Ensuite, les limites proposées permettent d’éviter les conflits d’usage liés aux projets d’utilisation du territoire, évitant par le fait même de négocier avec le Ministère des Ressources naturelles et de la faune (MNRF) pour les territoires consentis à Hydro-Québec et les compagnies minières. Ces négociations avaient d’ailleurs été déclarées comme impossibles par le MNRF à l’ARK en 2006, lorsque les limites du territoire avaient été augmentées :

Jobie Crow asks if Hydro-Québec is delegated by the Québec Government to pursue this hydro project of if Hydro-Québec acts on its own. Michael Barrett answers that the MNRF looks after lands, mining and hydro. It reserves places for hydroelectric development and mining projects. If a certain place is blocked by the MNRF for a certain purpose, other ministries cannot change the situation (ARK, 2008 : 145).

De fait, en excluant non seulement les zones réservées par le MNRF sur le territoire du parc national, mais bien la majorité du bassin versant de la Nastapoka, le territoire effectivement protégé pourrait être mieux protégé des « menaces pour la conservation », notamment les projets miniers prévus près de l’embouchure de la rivière Nastapoka :

Par ailleurs, l’exploitation des ressources minières à la périphérie du parc projeté pourrait avoir des impacts négatifs à l’intérieur de ses limites. En effet, en bordure du projet de

parc, des titres miniers sont actifs et des activités d’exploration ont lieu. Cependant, comme ils sont situés dans un bassin versant qui n’est pas inclus dans le projet de parc, les risques sont amoindris (MDDEP, 2008a : 27).

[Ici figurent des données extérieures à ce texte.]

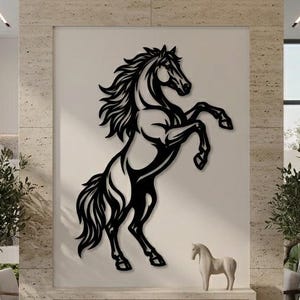 Peut inclure: Une décoration murale en métal noir représentant un cheval cabré avec une crinière et une queue fluides, fixée sur un mur clair au-dessus d'une cheminée. Une petite figurine de cheval clair est posée sur la cheminée sous l'œuvre.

Enfin, la lecture du Plan directeur provisoire illustre bien le contexte des engagements politiques du gouvernement provincial de l’époque, qui, tel qu’exposé précédemment, peuvent apparaître contradictoires. D’une part, le Premier ministre s’engage de plus en plus à faciliter l’accès aux ressources nordiques pour les compagnies minières, jetant alors les prémisses de ce qui deviendra officiellement le Plan Nord en 2011 (Lessard, 2008). D’autre part, une pression de plus en plus grande semble s’exercer sur le gouvernement par rapport à son objectif de protéger 8% de la superficie totale du Québec, prévu pour 2008 et pour lequel la création d’un grand parc national nordique contribuerait grandement – notons que le pourcentage d’aires protégées à l’époque était d’environ 5% (Québec, 2008). La protection des milieux nordiques concorde par ailleurs avec une vision de ceux-ci comme à l’état sauvage, peu touchés par l’activité humaine : « Le territoire du projet de parc national des Lacs- Guillaume-Delisle-et-à-l’Eau-Claire est caractérisé par un environnement naturel presque inaltéré. Il convient donc que sa mise en valeur soit faite en respectant cette richesse intrinsèque, peu courante dans le monde moderne » (Ibid. : 39). Cet état de préservation des milieux naturels est attribué à la bonne gestion par les populations locales :

Le territoire visé par cet immense parc situé à l’est de la baie d’Hudson […] se démarque également par sa diversité culturelle. En effet, les Inuits et les Cris ont su y cohabiter afin de se partager les ressources et d’assurer leur subsistance.

Respectueux de la fragilité des écosystèmes de la région et des activités traditionnelles pratiquées par les Inuits et les Cris, le présent plan directeur provisoire préconise une approche qui s’appuie sur le principe de précaution en matière de développement. Par ailleurs, en confiant la gestion de ce parc aux Inuits du Nunavik, le gouvernement du Québec s’assure que sa mise en valeur respectera leur vision et leurs valeurs, lesquelles sont profondément ancrées dans leur culture (Ibid. : 49).

La collaboration avec les populations locales est l’un des points sur lesquels la démarche du gouvernement du Québec s’appuie fortement pour que le projet soit vu comme acceptable par les acteurs consultés. Ce point sera d’ailleurs, tel que démontré au prochain chapitre, félicité par plusieurs intervenants aux audiences publiques.